(Items from a dataset)
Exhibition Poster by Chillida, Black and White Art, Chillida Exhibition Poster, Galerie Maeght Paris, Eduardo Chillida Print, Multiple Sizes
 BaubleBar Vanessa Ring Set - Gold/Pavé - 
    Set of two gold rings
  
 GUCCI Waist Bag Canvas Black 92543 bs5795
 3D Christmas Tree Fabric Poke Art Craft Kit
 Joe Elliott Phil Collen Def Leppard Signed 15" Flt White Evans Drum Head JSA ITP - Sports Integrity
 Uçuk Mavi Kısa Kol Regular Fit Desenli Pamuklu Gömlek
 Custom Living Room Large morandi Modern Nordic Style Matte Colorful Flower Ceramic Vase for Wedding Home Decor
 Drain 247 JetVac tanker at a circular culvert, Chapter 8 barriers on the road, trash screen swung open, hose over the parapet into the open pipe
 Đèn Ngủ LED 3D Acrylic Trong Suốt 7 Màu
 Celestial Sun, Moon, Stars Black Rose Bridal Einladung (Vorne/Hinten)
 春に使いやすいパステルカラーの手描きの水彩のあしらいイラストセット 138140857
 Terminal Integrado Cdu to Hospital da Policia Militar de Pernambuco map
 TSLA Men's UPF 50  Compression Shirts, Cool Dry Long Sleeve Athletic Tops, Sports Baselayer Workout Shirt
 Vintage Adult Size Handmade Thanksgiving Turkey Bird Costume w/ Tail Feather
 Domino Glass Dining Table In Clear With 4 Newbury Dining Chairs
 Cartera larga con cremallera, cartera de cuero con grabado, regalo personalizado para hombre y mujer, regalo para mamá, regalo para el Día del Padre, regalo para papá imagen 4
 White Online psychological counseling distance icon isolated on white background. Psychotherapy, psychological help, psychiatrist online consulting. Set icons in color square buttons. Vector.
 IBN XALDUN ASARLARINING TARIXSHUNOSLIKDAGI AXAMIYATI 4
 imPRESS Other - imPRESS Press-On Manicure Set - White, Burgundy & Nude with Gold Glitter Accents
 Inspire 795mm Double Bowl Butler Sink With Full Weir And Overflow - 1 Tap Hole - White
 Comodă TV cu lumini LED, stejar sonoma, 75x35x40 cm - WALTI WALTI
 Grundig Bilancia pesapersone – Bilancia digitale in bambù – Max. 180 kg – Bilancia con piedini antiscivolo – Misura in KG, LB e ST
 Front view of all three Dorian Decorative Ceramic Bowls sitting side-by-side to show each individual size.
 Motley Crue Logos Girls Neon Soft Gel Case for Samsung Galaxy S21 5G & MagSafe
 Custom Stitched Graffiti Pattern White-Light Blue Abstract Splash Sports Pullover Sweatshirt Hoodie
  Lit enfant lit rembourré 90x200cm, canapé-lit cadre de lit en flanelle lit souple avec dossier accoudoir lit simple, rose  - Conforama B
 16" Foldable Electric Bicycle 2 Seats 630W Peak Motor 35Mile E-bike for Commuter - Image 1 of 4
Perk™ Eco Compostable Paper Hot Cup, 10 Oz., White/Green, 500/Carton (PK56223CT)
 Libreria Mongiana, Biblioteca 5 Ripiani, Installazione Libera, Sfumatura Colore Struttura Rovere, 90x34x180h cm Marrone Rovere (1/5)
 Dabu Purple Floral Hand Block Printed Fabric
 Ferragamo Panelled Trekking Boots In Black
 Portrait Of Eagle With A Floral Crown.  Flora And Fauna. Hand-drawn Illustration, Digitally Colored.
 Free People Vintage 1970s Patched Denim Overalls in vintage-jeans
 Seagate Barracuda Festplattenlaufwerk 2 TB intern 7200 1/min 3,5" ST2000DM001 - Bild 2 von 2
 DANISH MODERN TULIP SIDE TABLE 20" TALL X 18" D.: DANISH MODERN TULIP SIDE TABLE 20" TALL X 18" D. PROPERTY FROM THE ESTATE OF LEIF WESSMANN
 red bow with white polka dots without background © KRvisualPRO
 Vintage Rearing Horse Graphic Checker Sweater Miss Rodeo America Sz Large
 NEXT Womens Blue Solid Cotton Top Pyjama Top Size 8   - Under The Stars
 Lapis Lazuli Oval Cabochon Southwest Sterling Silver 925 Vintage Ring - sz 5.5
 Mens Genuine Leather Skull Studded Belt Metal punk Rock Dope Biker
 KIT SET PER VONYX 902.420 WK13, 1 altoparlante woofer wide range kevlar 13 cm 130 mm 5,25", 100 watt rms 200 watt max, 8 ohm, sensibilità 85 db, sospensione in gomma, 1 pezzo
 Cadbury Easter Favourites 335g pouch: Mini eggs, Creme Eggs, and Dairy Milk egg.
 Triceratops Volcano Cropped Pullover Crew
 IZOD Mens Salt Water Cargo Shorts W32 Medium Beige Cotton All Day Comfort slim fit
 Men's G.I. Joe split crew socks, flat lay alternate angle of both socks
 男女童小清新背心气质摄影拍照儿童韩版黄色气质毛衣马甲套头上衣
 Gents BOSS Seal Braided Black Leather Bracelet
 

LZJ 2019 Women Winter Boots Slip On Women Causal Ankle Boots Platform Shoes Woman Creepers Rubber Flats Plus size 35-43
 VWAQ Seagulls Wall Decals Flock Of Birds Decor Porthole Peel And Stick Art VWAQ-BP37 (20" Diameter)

**Exercise prompt**
Filter the records above for lines containing the word "Vintage", and copy those lines.

**Finished task**
 Vintage Adult Size Handmade Thanksgiving Turkey Bird Costume w/ Tail Feather
 Free People Vintage 1970s Patched Denim Overalls in vintage-jeans
 Vintage Rearing Horse Graphic Checker Sweater Miss Rodeo America Sz Large
 Lapis Lazuli Oval Cabochon Southwest Sterling Silver 925 Vintage Ring - sz 5.5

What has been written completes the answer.